Il s’agit d’une belle distinction qui n’éclaire cependant pas beaucoup la problématique qui nous intéresse ici parce qu’elle ne fait que reporter la question fondamentale : qui parle dans le texte littéraire : l’homme comme animal raisonnable ou l’homme comme esprit incarné? Certes ces deux réalités ne s’opposent pas mais elles sont loin de coïncider. Qui est l’homme total, l’existant qui s’exprime dans le texte littéraire? Au moment d’écrire, l’écrivain l’ignore, même s’il en a une sorte de connaissance intuitive qui tient plutôt de l’accueil de ce qui bouge au fond de son être que d’une connaissance exhaustive dont le texte rendra compte pour l’instruction de ceux qui le liront.
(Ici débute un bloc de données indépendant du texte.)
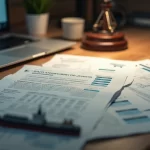 Tratamento tributário do AFRMM como subvenção governamental no PIS/COFINS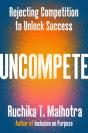 Uncompete - Preview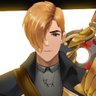 Profilbild von @TenaciousVT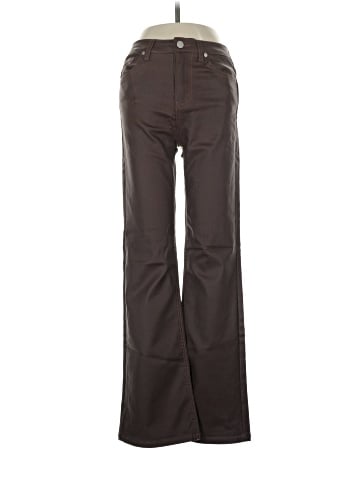 Habitual Jeans (view 1)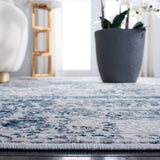Safavieh Clearance Alhambra ALH625A Cream Rug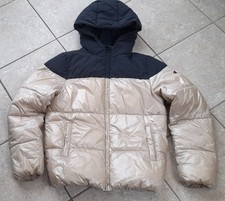 CHAMPION*Steppjacke*Übergangs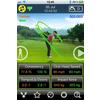 GSA PRO (Golf Swing Analyzer for Apple iOS)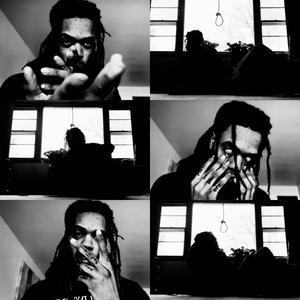 Heart 6top (Explicit)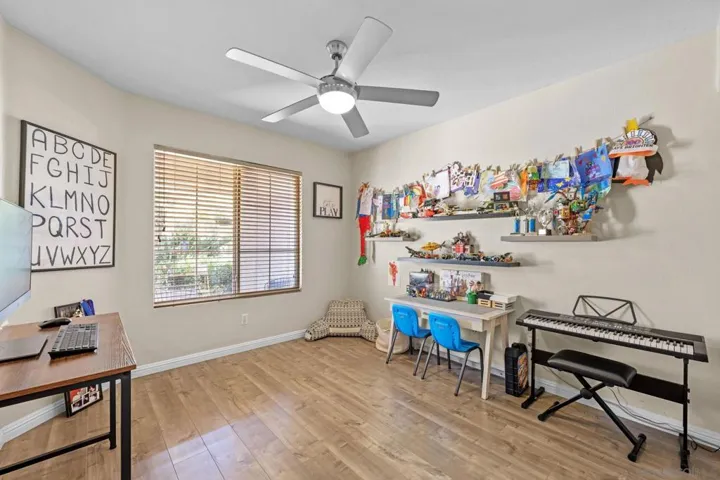3925 Estancia Drive, Oceanside, California 92058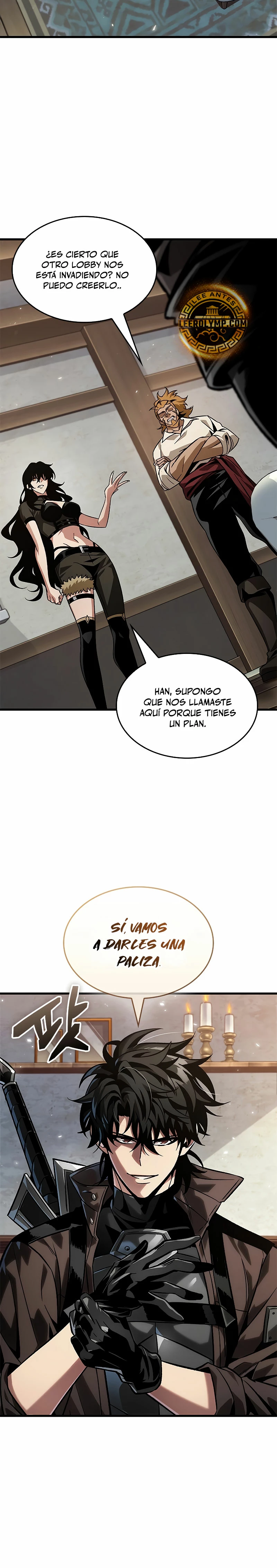 Página 19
Ce qui supposerait que l’écrivain connaisse déjà, avant de l’avoir écrit, le message qu’il veut transmettre, message qui lui vient, j’imagine, d’une expérimentation dont il précisera les conclusions dans son texte. Les mots alors ne sont point des choses mais des signes et nous ne sommes plus en art, mais en science.

 

Pour que la prose devienne littéraire (car il existe une prose non littéraire et c’est même celle qui prédomine dans toute société), il faut que les mots deviennent des choses et que l’homme devienne un mystère à découvrir et un être à manifester par et dans un texte qui lui permet de dévoiler tel ou tel visage de son existence. Autrement il est impossible de parler d’inspiration. Tous les textes littéraires ne pourraient être qu’au service d’une idéologie, d’une esthétique, d’une religion, etc. et se résumeraient à une technique de l’expression écrite qu’un auteur manie avec plus ou moins d’habileté et d’efficacité ou d’une esthétique particulière choisie en fonction de critères déterminés par un ensemble de circonstances, très souvent pour faire nouveau, se mettre à la remorque d’un mouvement social, religieux, etc. Toutes choses légitimes et contre lesquelles il n’y a rien à dire sinon de constater que tout cela est orienté de façon telle que la manifestation de l’homme et de l’être devient alors secondaire parce que les questions, souvent qualifiées de « tatillonnes », que je pose depuis le début de ma réflexion, ont enfin été refoulées dans les marges d’une culture désormais au service de la science et de la raison.